DAS has grown considerably in size and scope since it was founded in the 1950s, but following the wiretapping scandals, and especially the discovery of a recording of a conversation between a Supreme Court justice and a U.S. embassy attaché, Uribe ordered the dismantling of DAS.


Uribe, a right-leaning politician who is highly popular in Colombia and is considering trying to amend the constitution to allow him to run for a third term, has also announced that a new intelligence agency linked to the presidency would be created.

At the hearing Tuesday, Nicholls commended the decision to disband DAS, but cautioned that “the capacity of the president and his advisors to order intelligence operations without safeguards or oversight” must be removed.

She called on the U.S. government, an ally of the Uribe government, to encourage and ensure these reforms.

Further U.S. oversight was a major theme of the afternoon, as the fact that the U.S. is giving 545 million dollars in aid to Colombia this year makes it, in the speakers’ eyes, a key force for reform in the country.

A recent deal to increase the U.S. military presence on Colombian bases in order to combat narcotics trafficking has only increased the perceived strength of ties between Washington and Bogotá, while also bringing condemnation from Colombia’s left-leaning neighbour governments.

While most of the attention has been directed at DAS, Nicholls pointed out that other agencies, such as military and police intelligence units, have also spied on human rights defenders in the country. “Many of these units have received U.S. support, training and equipment,” she added.

Other speakers included Principe Gabriel González, an advocate for better treatment of Colombian political prisoners, who was himself imprisoned for a year after falsely being accused commanding a guerrilla force linked to the Revolutionary Armed Forces of Colombia, or FARC.

After being acquitted in 2007, he was sentenced to seven years in prison for the same charges in March, though that decision has since been appealed to the Colombian Supreme Court and the arrest warrant suspended.

This is one of many cases of baseless accusations being made against human rights defenders in Colombia with the aim of limiting and undermining their work, repeated several speakers. Another effect, according to Human Rights First, is that being charged with being a guerrilla can often draw attacks from right-wing paramilitary groups, even after the charges have been dropped.

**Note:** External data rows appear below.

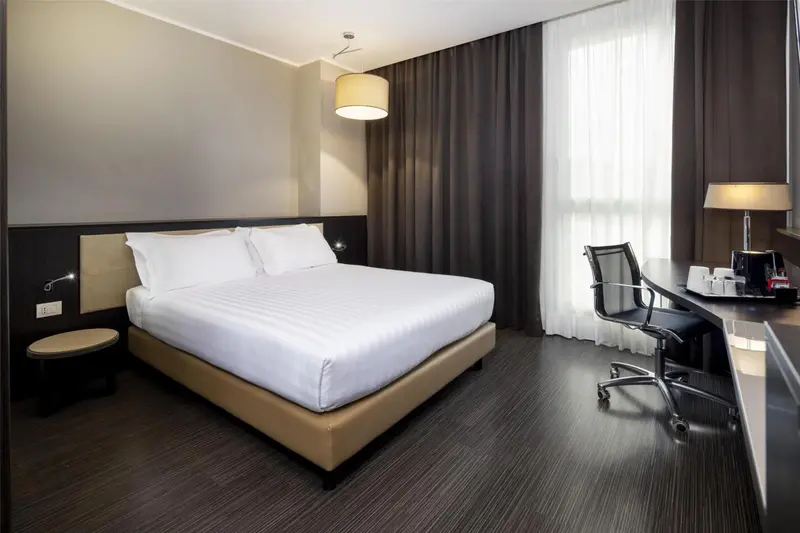 Une chambre d'hôtel moderne avec un grand lit et un bureau.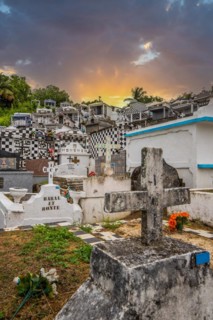 Famous cemetery, many mausoleums or large tombs decorated with tiles, often in black and white.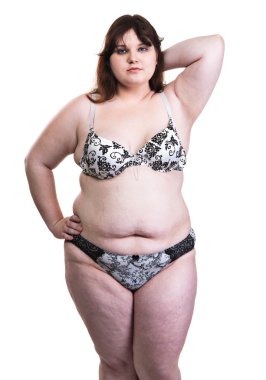 Beyaz bir arka plan üzerinde ayakta kalın genç kız. 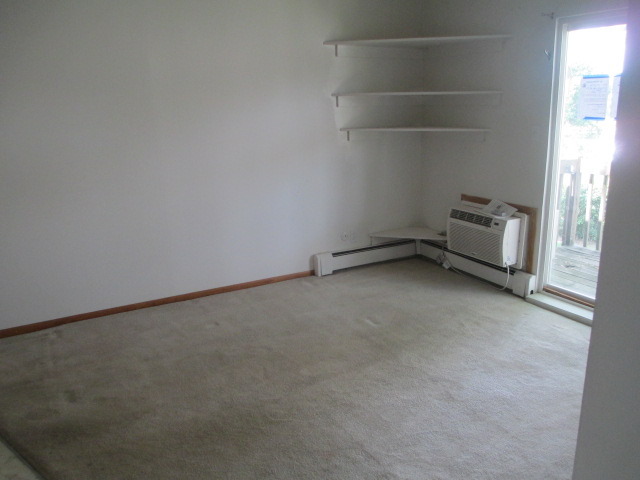 2600 Light Road, Unit 202 Oswego, IL 60543 - Photo 4 of 12 an empty room with a empty space and a window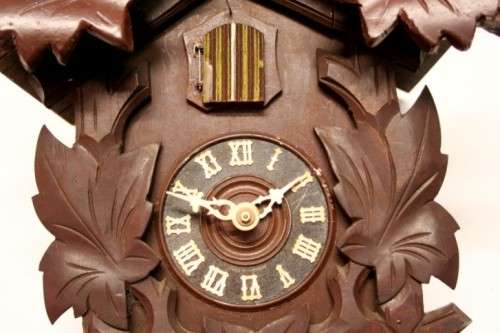 A fabulous rare original vintage hand carved German made 8-day Black Forest cuckoo clock.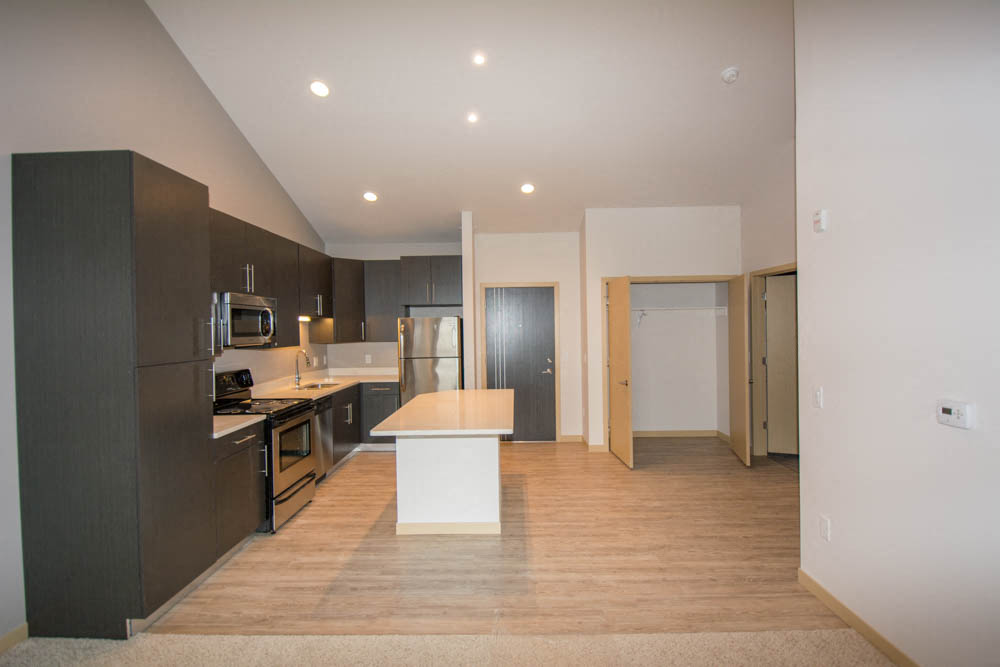 an empty kitchen with a table in the middle
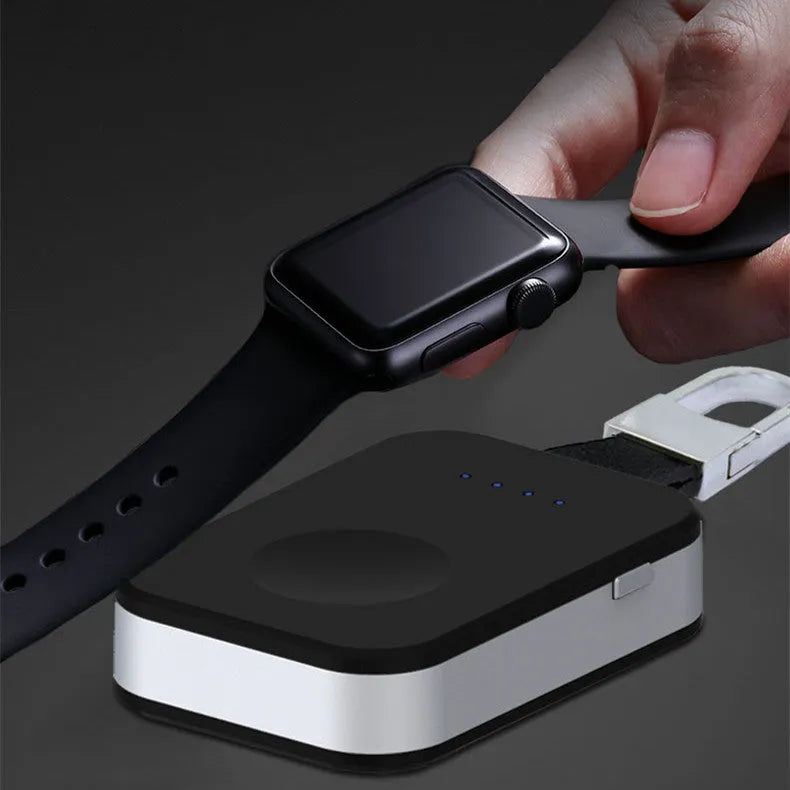 Black keychain-sized wireless power bank for Apple Watch showing front view and size relative to a keyring.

Reynaldo Villalba Vargas, president of the José Alvear Restrepo Lawyers’ Collective, also testified. His organisation has been particularly critical of the right-wing Uribe government and has been one of the main organisations targeted by operations like those of DAS.

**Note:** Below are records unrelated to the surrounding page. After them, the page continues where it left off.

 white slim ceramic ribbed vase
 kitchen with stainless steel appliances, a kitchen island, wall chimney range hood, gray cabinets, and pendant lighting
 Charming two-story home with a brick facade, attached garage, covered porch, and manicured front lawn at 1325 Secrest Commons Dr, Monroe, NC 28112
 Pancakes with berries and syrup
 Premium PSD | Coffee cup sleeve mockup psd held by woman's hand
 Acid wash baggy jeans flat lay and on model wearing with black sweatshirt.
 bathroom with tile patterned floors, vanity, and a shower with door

Alirio Uribe, a human rights lawyer with the group, told The New York Times in September, “Chills went down my spine when I discovered the lengths that DAS went through to watch my every movement.” The file he obtained of the espionage included photos of his children and evidence DAS had gone so far as to rent an apartment across from his home, according to the Times.

Files such as these should be destroyed, Margaret Sekaggya, U.N. Special Rapporteur on Human Rights Defenders, told the hearing Tuesday.

Rep. James McGovern, co-chairman of the committee, then pointed out that these files had been shared with the U.S. and other governments and that they had led to the delays in obtaining visas for the speakers from Colombia. González’s visa had taken four months to obtain, according to Hudson, and then only with the influence of McGovern.

Sekaggya visited Colombia on a fact-finding mission from Sep. 7 to 18, after which she said “much remains to be done to ensure a safe and conducive environment for human rights defenders” in Colombia.

“The government should investigate and prosecute those who have threatened [the defenders]”, she said Tuesday, and emphasised the systematic stigmatisation of defenders by government officials accuse them of being guerrillas.

Following a meeting with Sekaggya on her earlier trip, Álvaro Uribe said “The defense of human rights is a necessary and legitimate action for democracy in a country like Colombia which is proud to be completely open to international scrutiny in this field”.

Tuesday, she said, “Now the government must keep its promise.”